Assume $c \geq 1$. I want to show that the function $$f(n) = \left(1-\frac{1}{n}\right)^{n-1} \cdot \left(1+\frac{1}{n-c}\right)^{n-c}$$ satisfies $f(n) \leq 1$ for all $n > c$.

My attempt: I think the fastest way to show this is by extending $f$ to $\mathbb R$ and show the result using derivatives.
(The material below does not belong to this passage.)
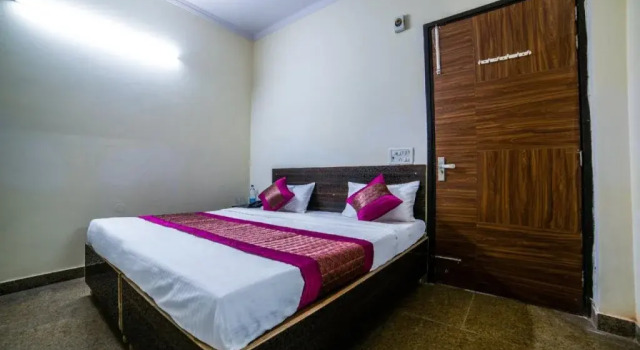 UK Residency By OYO Rooms, Забронировать Отель Отели Нью-Дели с завтраком, Завтраки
Notice that $\lim_{x \rightarrow \infty} f(x) = e^{-1} \cdot e =1$, so it suffices to show that $f(x)$ is increasing for $x > c$.
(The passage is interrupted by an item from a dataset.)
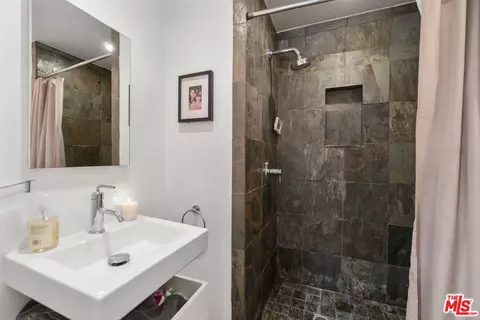 3971 Oeste Ave, Studio City, CA 91604 photo 17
After computing the derivative, one notices that it suffices to show $$\log\left( \frac{x-1}{x} \cdot \frac{x-c+1}{x-c} \right) \geq \frac{c-1}{x(x-c+1)}.$$

I am stuck here.

Answer 1

$$ \log f(x) = (x-1) \log \left( 1 - \frac 1x \right) + (x-c) \log \left( 1 + \frac {1}{x-c} \right) $$ has the derivative $$ \log \left( 1 - \frac 1x \right) + \frac 1x + \log\left( 1 + \frac {1}{x-c} \right) - \frac{1}{x-c+1} \\ = \log\left( \frac{x-1}{x} \cdot \frac{x-c+1}{x-c} \right) - \frac{c-1}{x(x-c+1)}. $$ Using the estimate $\log (u) \ge (u-1)/u$ (see for example here) this is $$ \ge \frac{c-1}{(x-1)(x-c+1)} - \frac{c-1}{x(x-c+1)} = \frac{c-1}{x(x-1)(x-c+1)} \ge 0 $$ for $x > c \ge 1$, so that $f$ is indeed increasing on $(c, \infty)$.

Answer 2

Alternative proof.

By Bernoulli inequality $(1 + u)^r \le 1 + ur$ for all $0 < r \le 1$ and $u \ge 0$, we have $$\left(1+\frac{1}{n-c}\right)^{\frac{n-c}{n-1}} \le 1 + \frac{1}{n-c}\cdot \frac{n-c}{n-1} = 1 + \frac{1}{n-1}.$$

Thus, we have $$\left(1-\frac{1}{n}\right)^{n-1} \cdot \left(1+\frac{1}{n-c}\right)^{n-c} \le \left(1-\frac{1}{n}\right)^{n-1} \cdot \left(1+\frac{1}{n-1}\right)^{n-1} = 1.$$